▶ [BRIEF]:
From the line that contains "Fringe and hook" through the last line of the data, copy everything exactly and nothing else, omitting the pictures.

▶ [GIVEN DATA]:
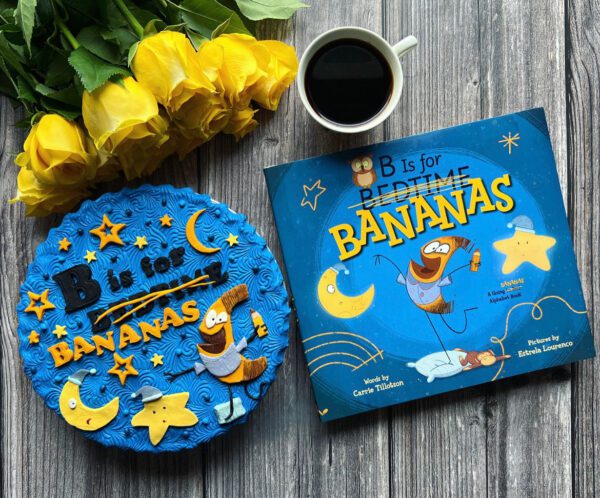 The book B IS FOR BANANAS, with a pie decorated like the cover, yellow roses, and a cup of coffee.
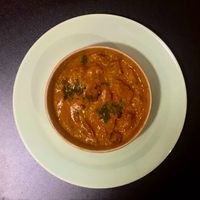 The Jaipur curry on a side plate (in it's original container) to give a true representation of portion size at Chatori Vegan Indian  in London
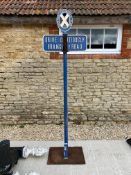 A Scottish Automobile Club oval pediment on a pole, with cast iron sign below bearing the words '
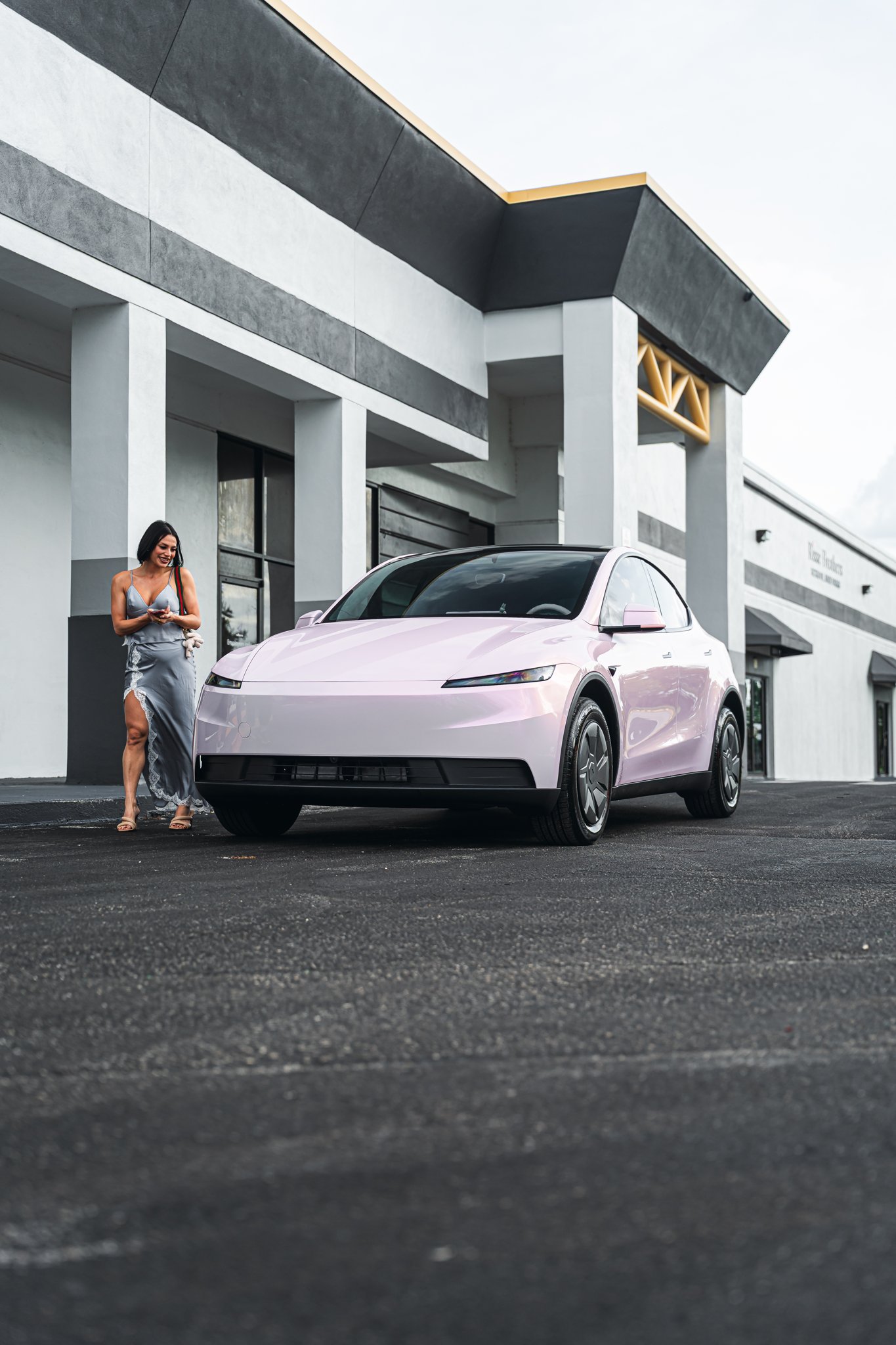 Tesla Model Y with a custom pink color-change wrap by Allure Auto Spa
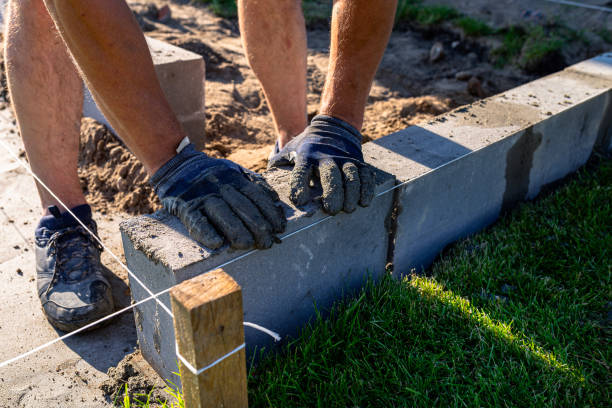 istock A man lays concrete blocks on a poured foundation, gluing them with mortar. 2196035736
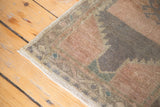 Fringe and hook design border on a vintage Oushak rug in muted peach and faded teal.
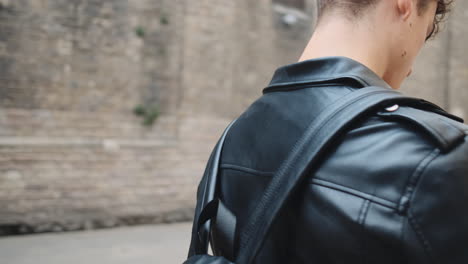 Tracking-around-shot-of-young-stylish-man-using-smartphone-on-city-street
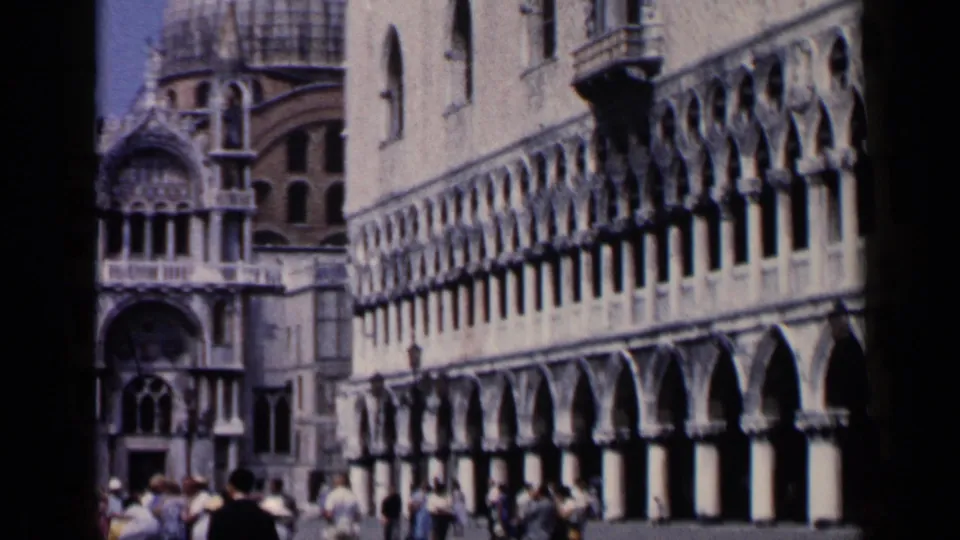 1960 Venice 8mm frame showing St. Mark's Square with basilica architecture, long arcades, and visitors walking below.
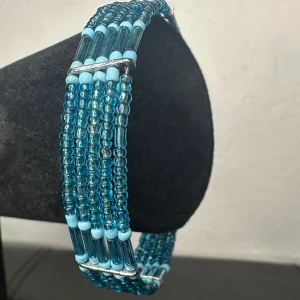 Vintage 90-tals wrap-armband – blå glaspärlor i bohostil -  Färgstarkt wrap-armband från 90-talet i blå glaspärlor på fjädrande minnestråd – sitter snyggt utan lås. Innerdiameter ca 7 cm, bredd ca 1 cm. I fint vintageskick med lätta spår av ålder. Ingen prutning – men jag ger rabatt vid köp av flera saker. Jag rensar både smyckesskrin och garderob, så passa på att kolla mina andra annonser också!  ⸻  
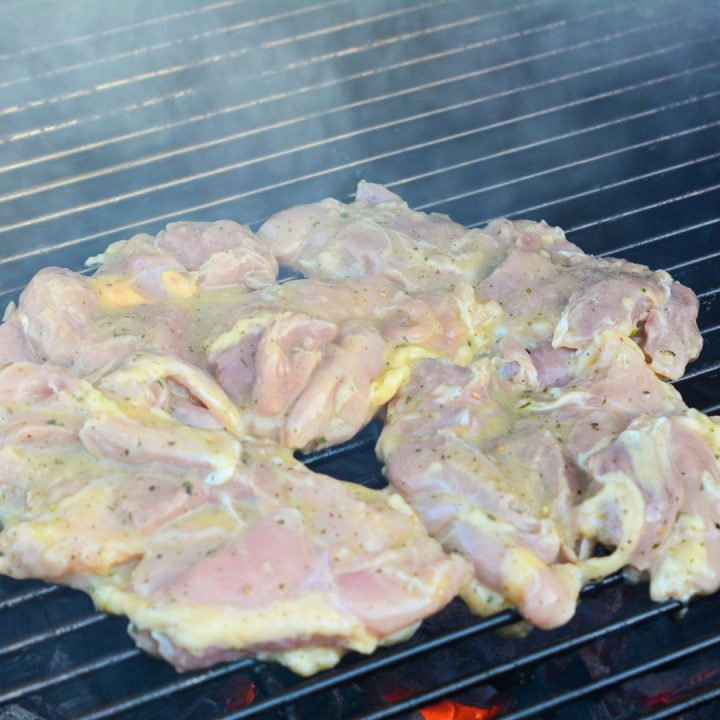 Remove the chicken from the marinade, letting any excess drip off. Discard the remaining marinade. Place the chicken breasts on the preheated grill.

▶ [REPLY]:
 Fringe and hook design border on a vintage Oushak rug in muted peach and faded teal.
 Tracking-around-shot-of-young-stylish-man-using-smartphone-on-city-street
 1960 Venice 8mm frame showing St. Mark's Square with basilica architecture, long arcades, and visitors walking below.
 Vintage 90-tals wrap-armband – blå glaspärlor i bohostil -  Färgstarkt wrap-armband från 90-talet i blå glaspärlor på fjädrande minnestråd – sitter snyggt utan lås. Innerdiameter ca 7 cm, bredd ca 1 cm. I fint vintageskick med lätta spår av ålder. Ingen prutning – men jag ger rabatt vid köp av flera saker. Jag rensar både smyckesskrin och garderob, så passa på att kolla mina andra annonser också!  ⸻  
 Remove the chicken from the marinade, letting any excess drip off. Discard the remaining marinade. Place the chicken breasts on the preheated grill.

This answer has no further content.